What you need to do: Find the line that contains "Manteau marine mi-long". Copy it and every line after it to the end of the material below, exactly, with no pictures.

Material provided:
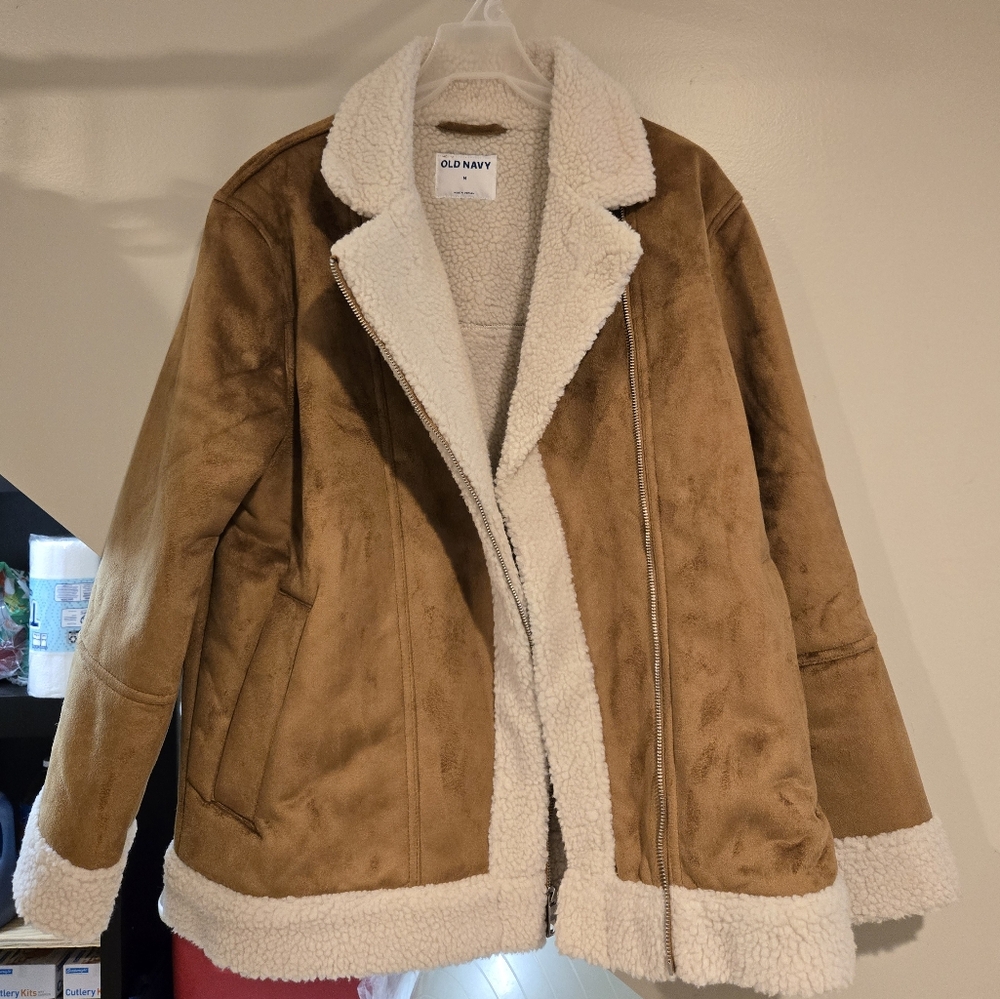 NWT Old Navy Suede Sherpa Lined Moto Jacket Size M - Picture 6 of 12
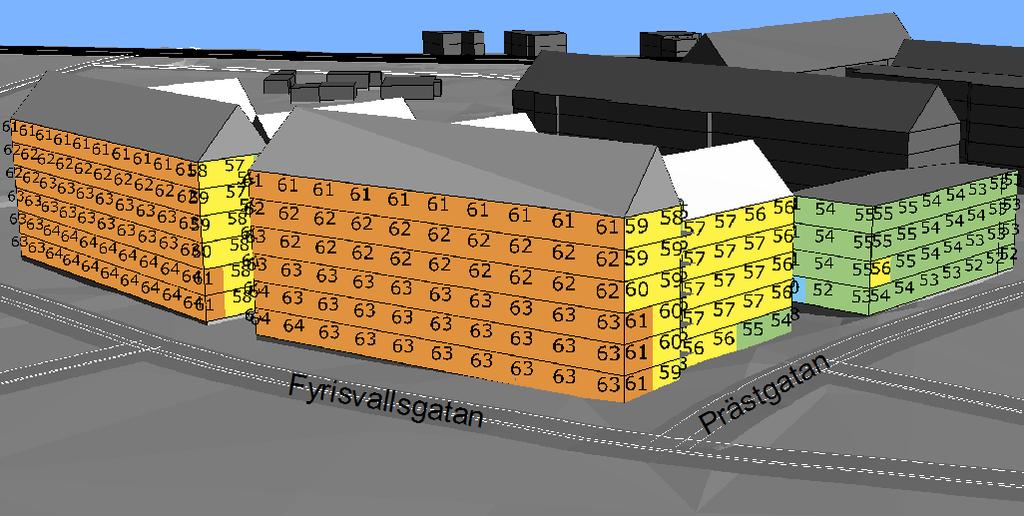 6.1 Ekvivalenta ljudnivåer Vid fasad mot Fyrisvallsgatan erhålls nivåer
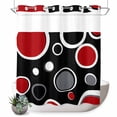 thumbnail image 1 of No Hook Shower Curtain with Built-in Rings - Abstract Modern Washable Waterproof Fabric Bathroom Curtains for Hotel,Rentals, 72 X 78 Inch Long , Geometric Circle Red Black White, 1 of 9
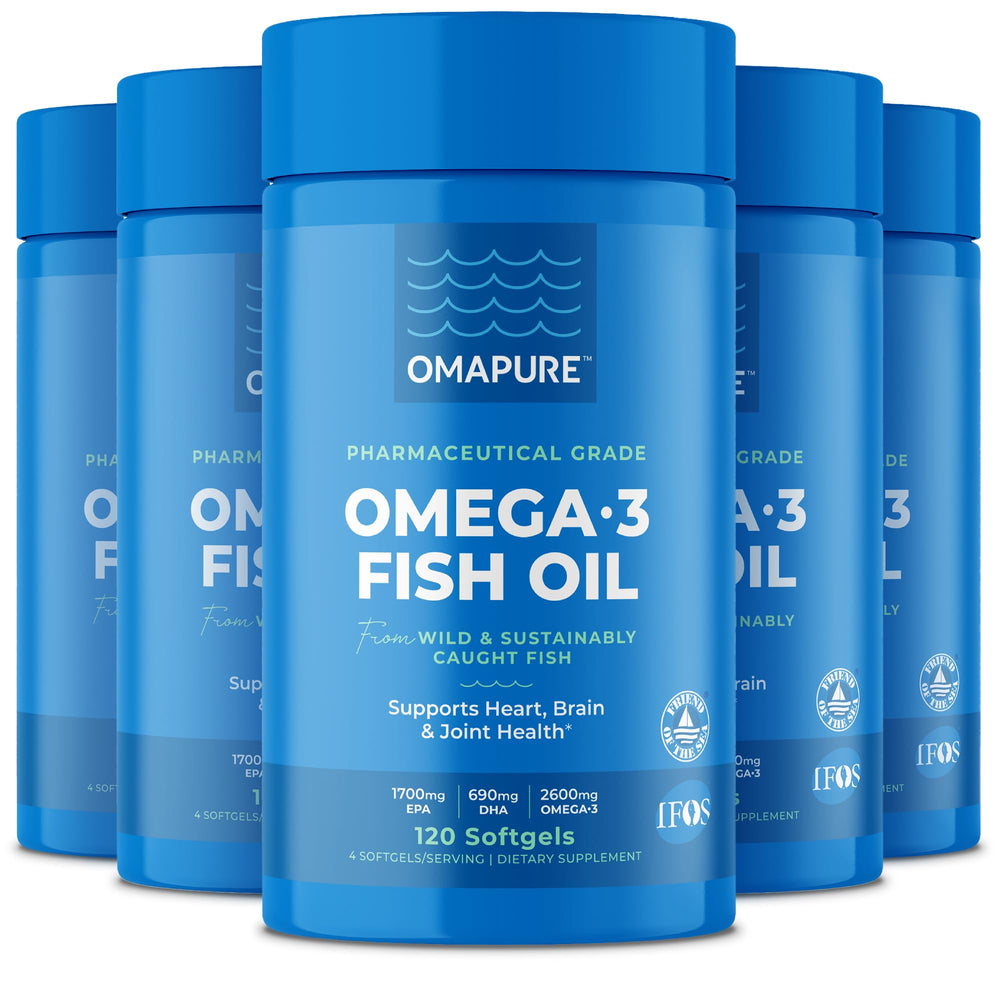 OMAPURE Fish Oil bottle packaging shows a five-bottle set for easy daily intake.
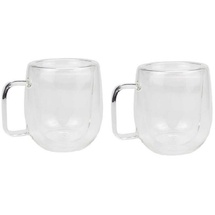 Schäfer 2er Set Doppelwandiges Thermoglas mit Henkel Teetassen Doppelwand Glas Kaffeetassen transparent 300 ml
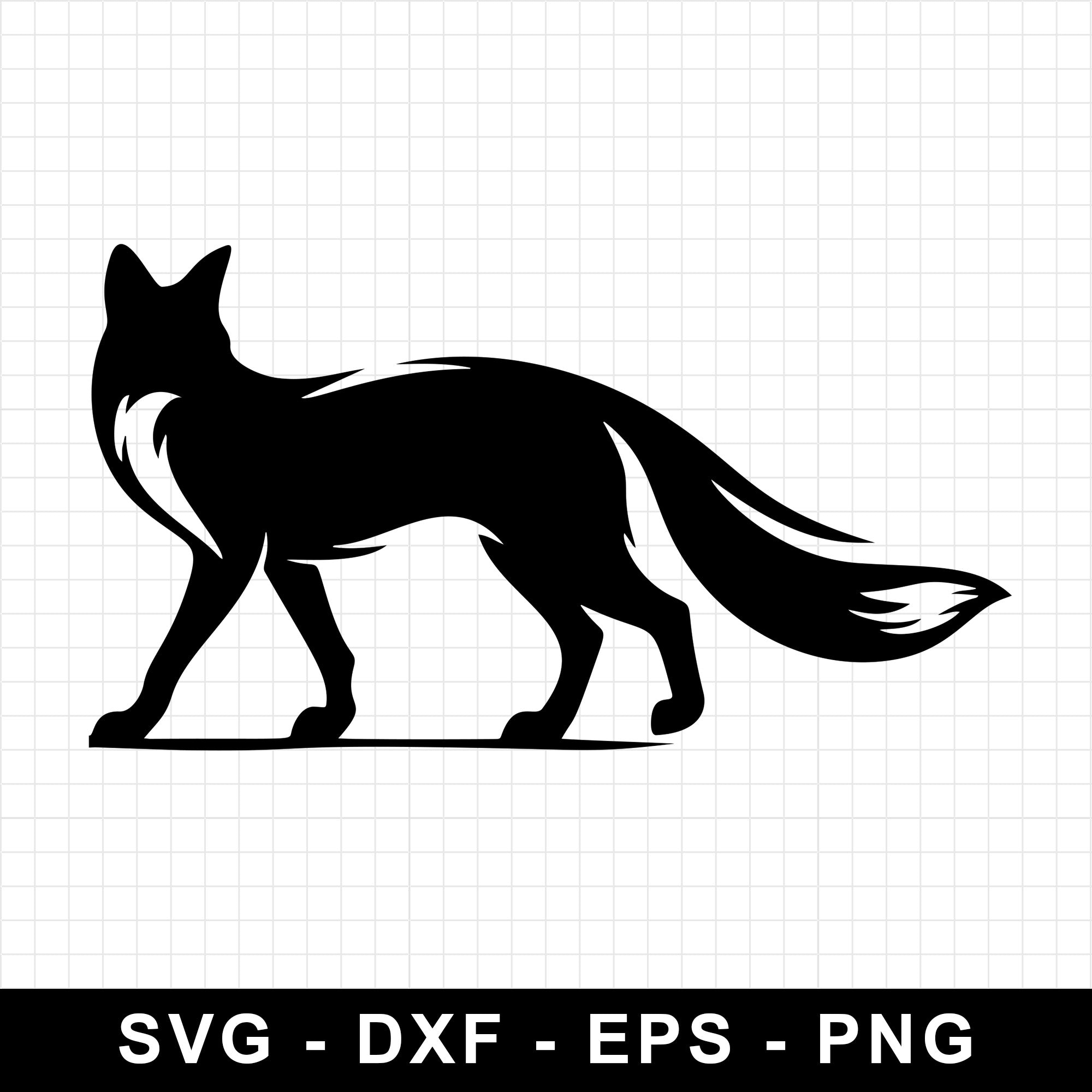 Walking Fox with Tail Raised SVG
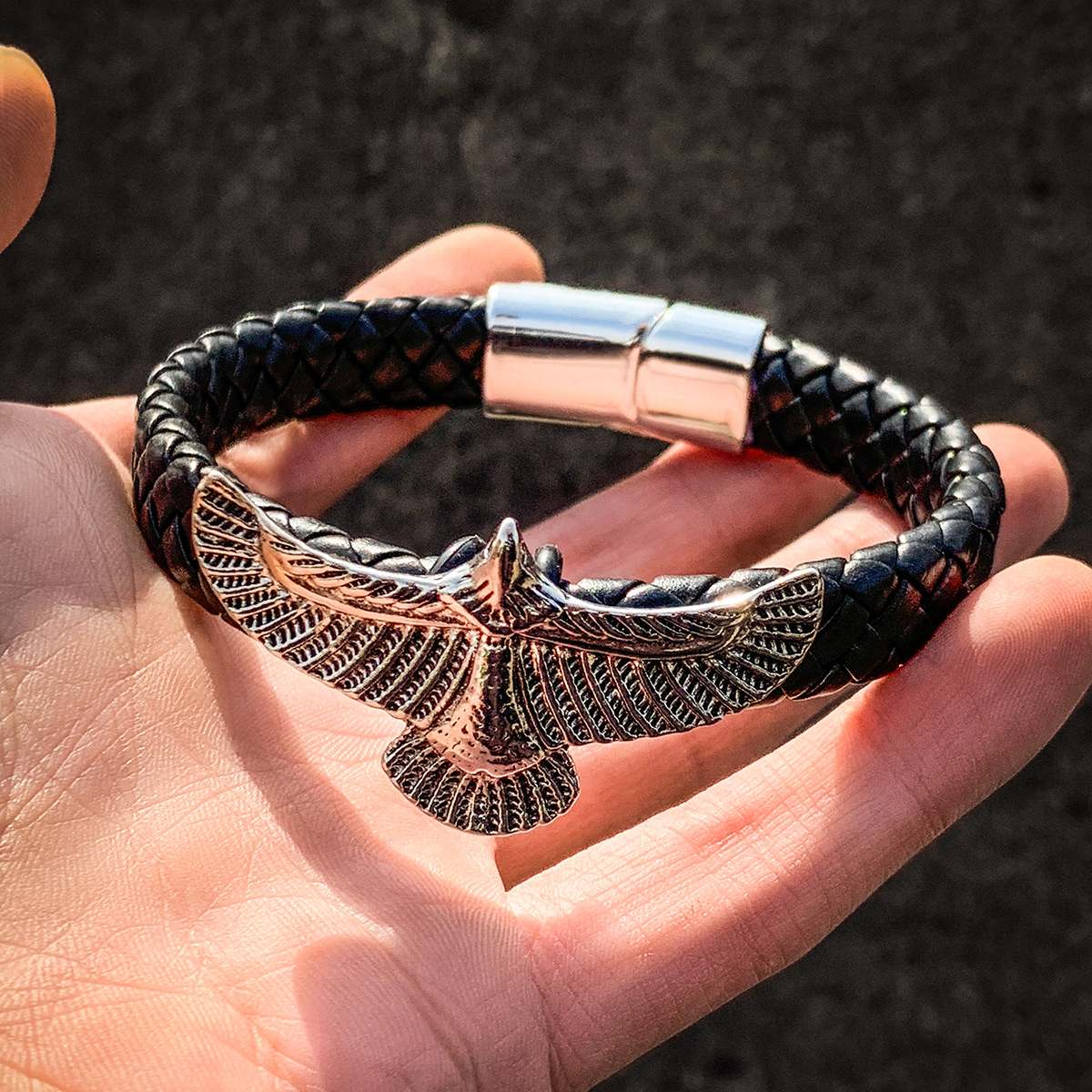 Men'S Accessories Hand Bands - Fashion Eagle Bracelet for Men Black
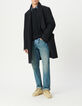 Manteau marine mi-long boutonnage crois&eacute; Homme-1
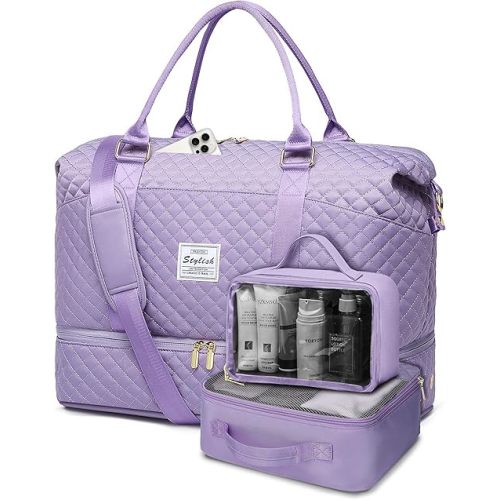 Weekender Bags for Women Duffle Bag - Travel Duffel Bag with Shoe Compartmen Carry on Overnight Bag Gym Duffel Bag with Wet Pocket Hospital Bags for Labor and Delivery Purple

Result below:
 Manteau marine mi-long boutonnage crois&eacute; Homme-1
 Weekender Bags for Women Duffle Bag - Travel Duffel Bag with Shoe Compartmen Carry on Overnight Bag Gym Duffel Bag with Wet Pocket Hospital Bags for Labor and Delivery Purple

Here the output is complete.